Kale has been linked to providing some protection from other chronic illnesses as well as from oxidative stress. Oxidative stress (OS) occurs when the human body doesn’t have enough antioxidants that are needed to reduce the effect of free radicals. Unstable molecules, or free radicals, are particles that react with other substances found in the human body to create abnormal cells or to damage healthy cells. Oxidative stress is now thought to be involved in a number of illnesses and diseases, from Parkinson’s, Alzheimer’s, heart failure, chronic fatigue syndrome, strokes, autism and others.
Relatively new research, which is still being undertaken, also shows how the phytonutrients present in kale cause the liver to produce enzymes that are used by the body to neutralise potential cancer-causing elements. This makes kale a food that is now considered to have cancer risk lowering benefits, the list of which has been extended to include prostate, ovarian, breast, colon and bladder cancer.

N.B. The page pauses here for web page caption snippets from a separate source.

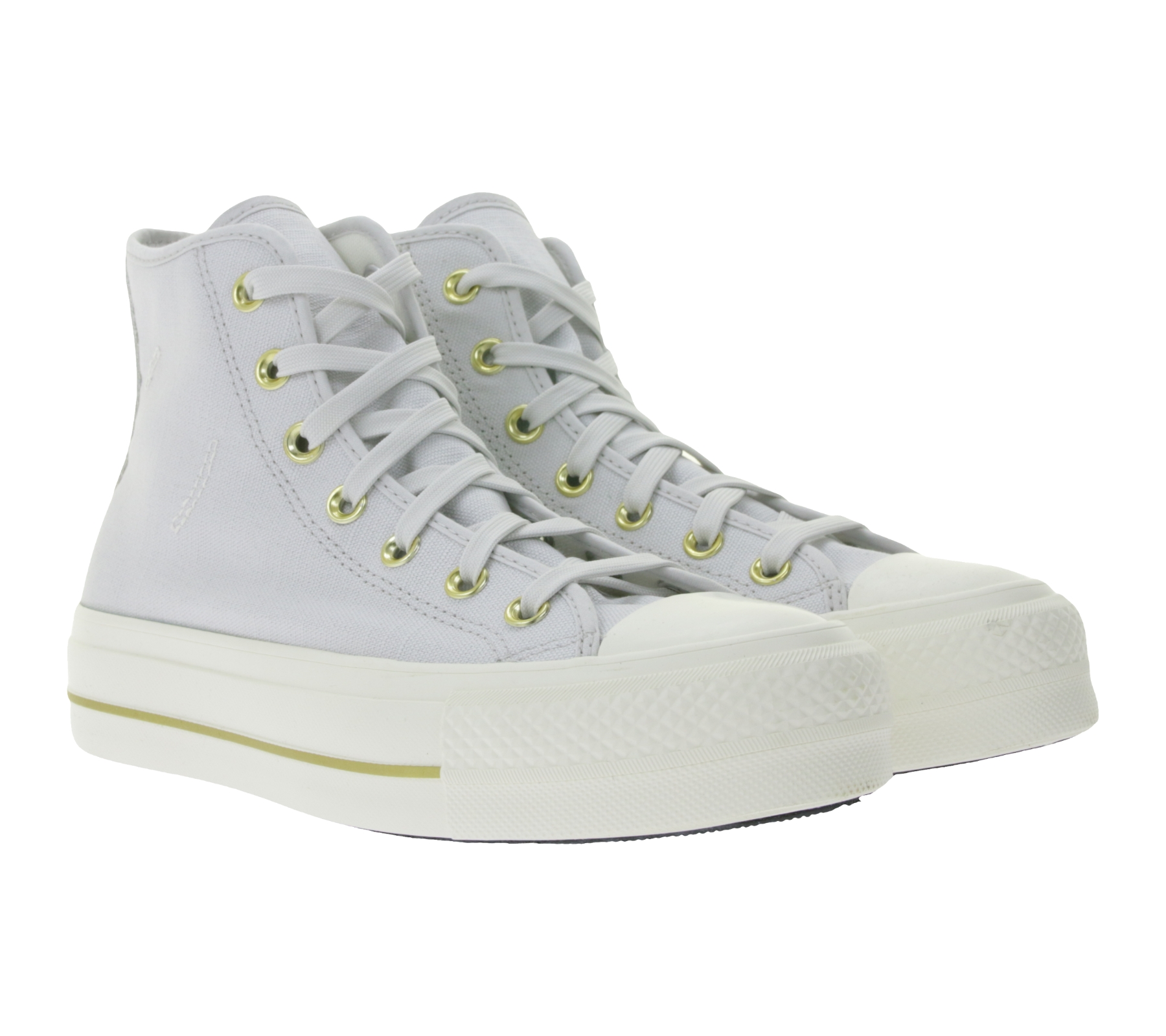 Converse Chuck Taylor All Star Lift Platform Tailored Lines Damen Schuhe High Top Chucks mit goldfarbigen Details Retro-Sneaker A08237C Grau von Converse
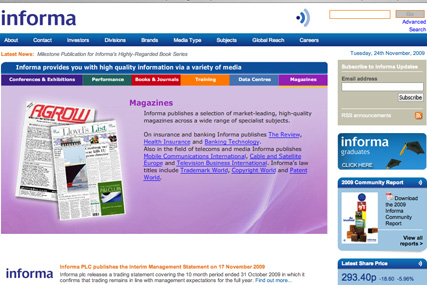 Informa: looking to acquire Springer publishing group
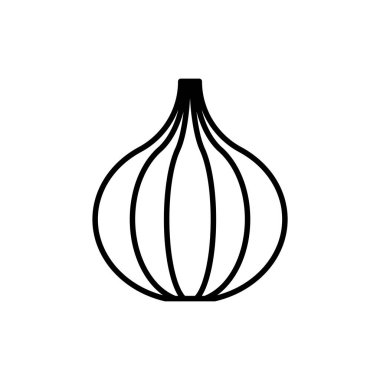 Beyaz arkaplanda soğan simgesi düz tasarım vektör tasarım şablonları izole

At present, scientists researching the benefits and structure of kale have been able to identify over 45 different flavonoids in it. Most flavonoids carry out the function of antioxidants but they do have other properties, one of which being boosting the property of Vitamin C. Another function of flavonoids is helping to regulate inflammation in the body. Its prevention of excessive inflammation gives kale a leading dietary role in helping to avoid this painful condition, which is yet another reason to get down to the supermarket and pick up this amazing superfood.
What can I make with kale?
Spaghetti Bolognese is a dinner table favourite for many households, and no wonder. It’s easy to prepare, tasty and appeals to both adults and kids alike. So here’s our suggestion: the next time you make this classic, boost its nutritional benefits by adding kale to your recipe.
Spaghetti Bolognese with Kale
1 onion, chopped (150g)
400g minced beef
1 tsp dried mixed herbs
1 tbsp tomato puree (30g)
400g can chopped tomatoes
400ml beef stock
- Fry the onion, mince and herbs for 5 minutes to brown. Add the tomato puree, chopped tomatoes and stock. Bring to the boil, cover and simmer for 10 minutes.
- Add the kale and cook for a further 5 minutes. Season.
- Meanwhile, cook the spaghetti in boiling water for 10 minutes until tender, drain and serve with the Bolognese sauce. Makes 4 servings.
(Recipe by discoverkale.co.uk.)
Alternatively, you can try this Easy Kale Salad recipe from our website. As the saying goes, don’t knock it till you’ve tried it. Happy kale-ing!